There will certainly be shots that this person didn't get because of technical things, but by and large I think getting good
...Show more

I think we're kinda saying the same thing in a different way. By that I mean

Message = good (kids)
comp = poor
technical = adequate

Then comp is needed to improve.

If it were:

Message = good (kids)
comp = adequate
technical = poor

Then technical needs to improve

and of course:

Message = poor
comp = good
technical = adequate

Then message needs to improve.

If the camera is handling the technical side "adequately", then it isn't until the other aspects are consistently good that the technical is the weak link. Conversely if the camera is not handling things adequately or above, then the technical can be the weak link again.

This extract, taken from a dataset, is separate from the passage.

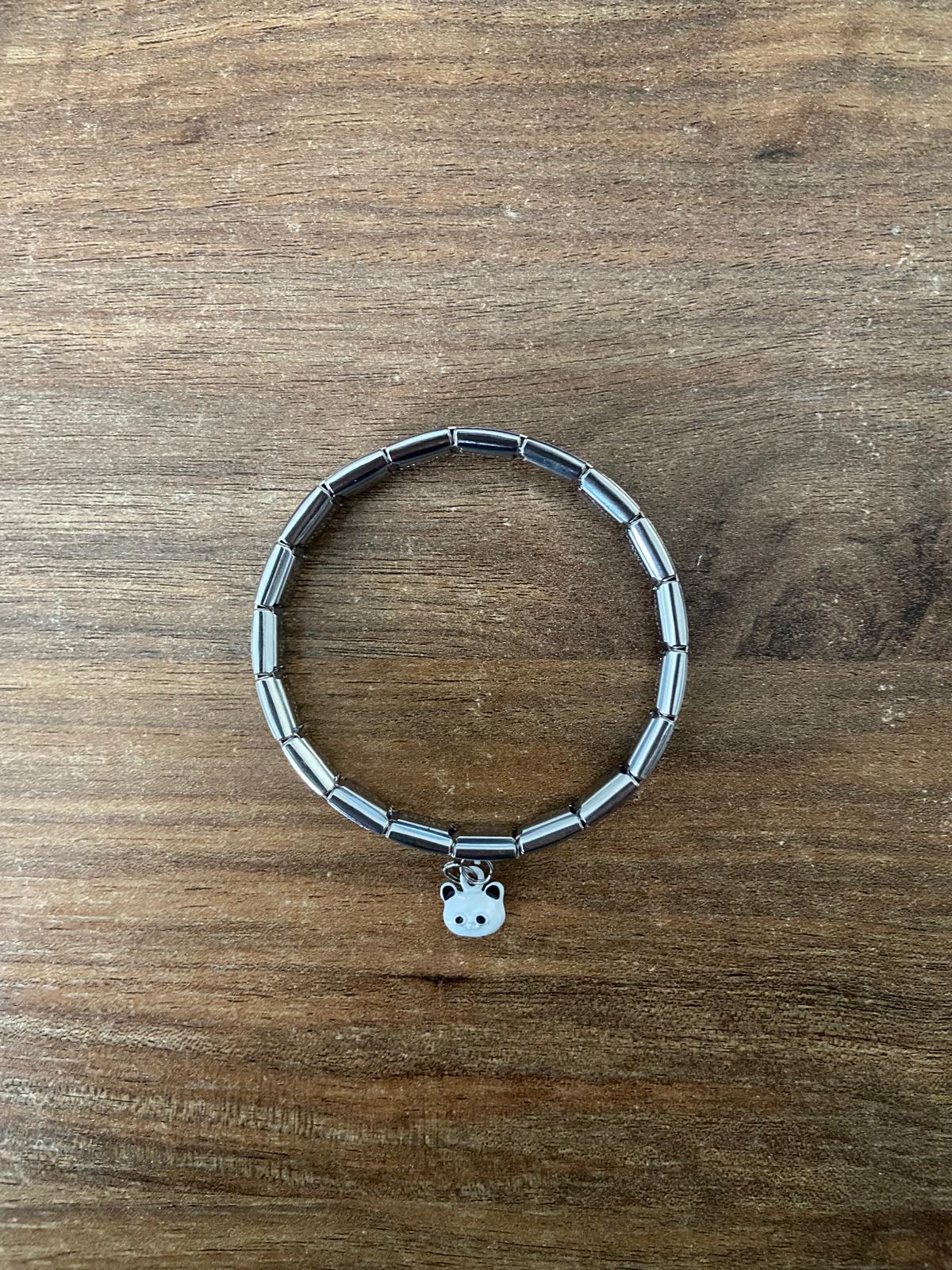 Panda Charmlı İtalyan Bileklik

Which of the three is the weak link ... that's the one that needs worked on. For some folks, they can go a long way at learning message / comp before the technical is their weak link (with today's camera). I think that is your point and I can't disagree ... except that it is an "it depends" ... i.e. in context of the "weak link" relationship. Over the long haul, I still think message trumps composition trumps technical ... as long as the others don't negatively detract from their shortcomings to the point that they grossly impede the others.

Case in point ... I started to teach my wife about the technical aspects of her camera. She really wasn't on board with learning them. Her camera adequately handled things. In fact, I closed my eyes took about six or seven different pictures of things in the room (eyes closed) and the images came out fine via auto exposure and auto focus. This to relieve her of the burden of considering the technical aspects.

I handed her the camera back and said all you have to do is push the button and trust the camera. She was a happy camper making nice images. Her aspirations for growth do not exceed the adequacy of what the camera provides her. Should she want to learn how to use her camera to do things (such as selective focus, dof control, exposure control, etc.) then the camera's automation will now be the weak link as it isn't adequate to the task of it's own accord. As such, then she will need to learn more of the technical in order to execute the command & control to that level.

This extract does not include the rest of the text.